Every localised network issue they address contributes to solving the macro issues associated with the intermittency of renewable generation. It really is the two birds, one stone analogy in action.
The logic of distributed storage is strong, much stronger than distributed generation, especially when coordinated and orchestrated, to smooth out time differences between supply and demand, while responding meaningfully to network challenges which would otherwise need additional investment to address.
The future of NSW storage
In New South Wales utility-scale storage is expected to grow rapidly in the next five years to around 16GWh (excl. Snowy 2.0 and long duration storage) – then from 2030 onwards, distributed individual (behind-the-meter) batteries are expected to make up the majority of the capacity, totalling almost 50GWh.
If we brought half these small batteries together and collocated them as larger shared and distributed community batteries, we estimate that New South Wales customers could save almost $20 billion (based on today’s prices) in battery costs alone.
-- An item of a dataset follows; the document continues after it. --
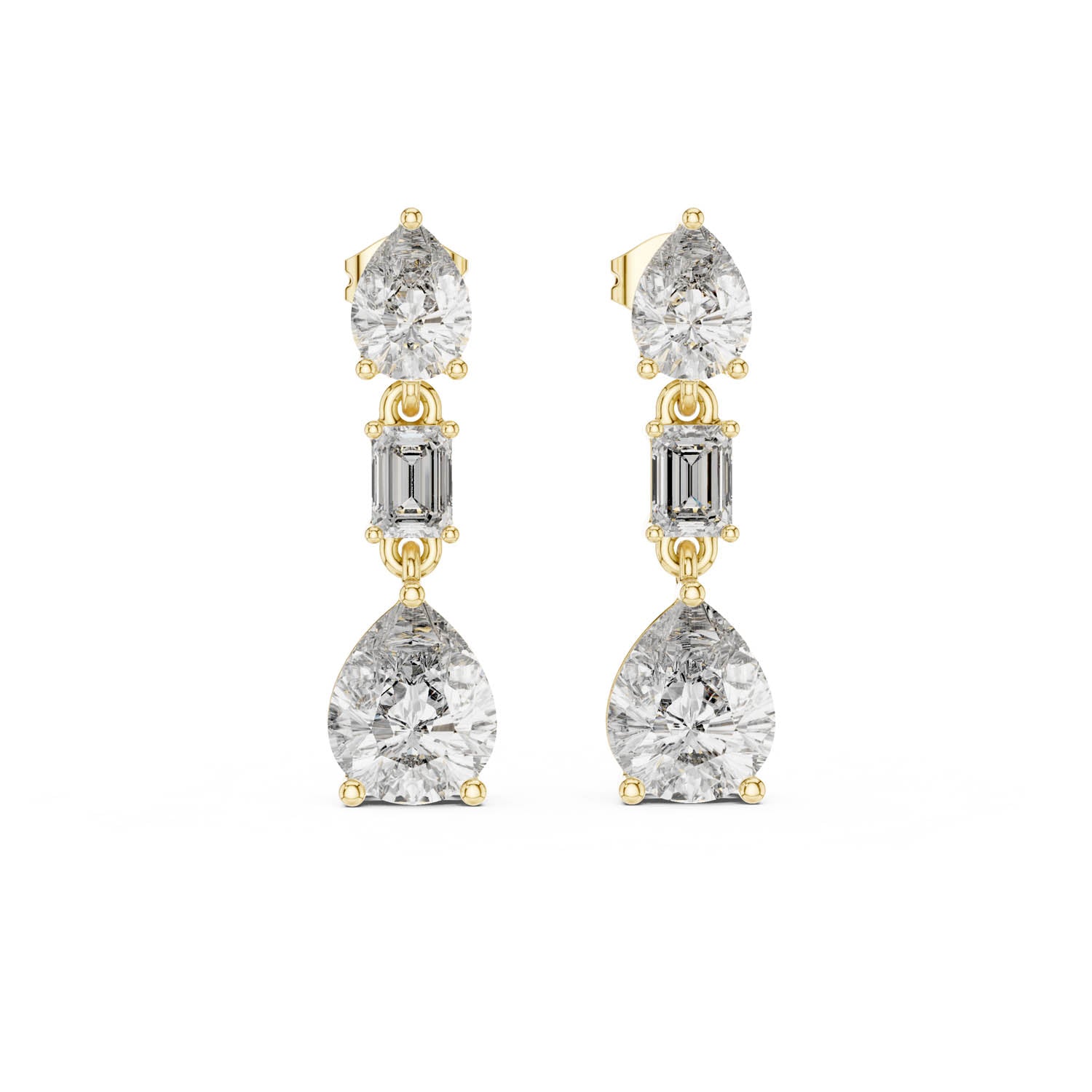 5.60 Ct. Pear & Emerald Cut Diamond Drop Earrings (GER-0384) 9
That is before we account for the additional network and system savings distributed batteries can drive.
With three – soon to be nine – community batteries across the Ausgrid network, these systems will begin to do the heavy lifting. We can expect at least 400 more battery solutions in suburbs across Australia thanks to the Federal Government’s Community Batteries for Household Solar Program.
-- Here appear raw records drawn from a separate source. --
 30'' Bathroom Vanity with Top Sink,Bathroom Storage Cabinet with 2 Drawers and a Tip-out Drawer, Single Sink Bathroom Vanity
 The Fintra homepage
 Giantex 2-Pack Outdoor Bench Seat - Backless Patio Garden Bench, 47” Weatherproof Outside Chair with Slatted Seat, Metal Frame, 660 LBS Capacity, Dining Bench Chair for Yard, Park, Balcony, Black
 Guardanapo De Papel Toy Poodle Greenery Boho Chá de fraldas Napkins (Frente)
This should just be the beginning of this trend, the Ausgrid network alone has the potential for >2 GW of battery storage capacity (distribution network connected).
Unlocking the powerful co-benefits of small to medium sized batteries is a top priority for Ausgrid and should be for networks across Australia. We are already seeing the system advantages that come from the coordination of distributed resources within the distribution network.
Ausgrid’s project Edith is currently showcasing the benefits that dynamic network tariffs, reflecting local network conditions and constraints on a five-minute basis, combined with the price signals from the National Energy Market, can deliver.
Distributed batteries have a huge role to play in driving this value, but the speed of delivery, ease of coordination, scale of response and the total cost, all improve as they get bigger.
People therefore may argue that the focus should be on installing large-scale batteries. However, once batteries get so big that they need to connect at higher voltage, or higher up in the energy system, their ability to positively impact constraints, address local challenges and reduce costs across the system quickly decline.
At Ausgrid, we are very confident in our belief that a sweet spot lies in the low voltage network and at distribution substation level, and that is what we are looking to prove through our ongoing battery program.
There will be other changes needed, including tariff and other market reform, the increased use of dynamic connections amongst others, but the financial savings, of many billions, compared to behind the meter batteries is a prize worth pursuing.
If we get this right, distributed small and medium scale battery deployment has a huge role to play in a least cost transition to a decarbonised system by delivering a more dynamic network which is actively responsive to both the energy market and its customers changing needs.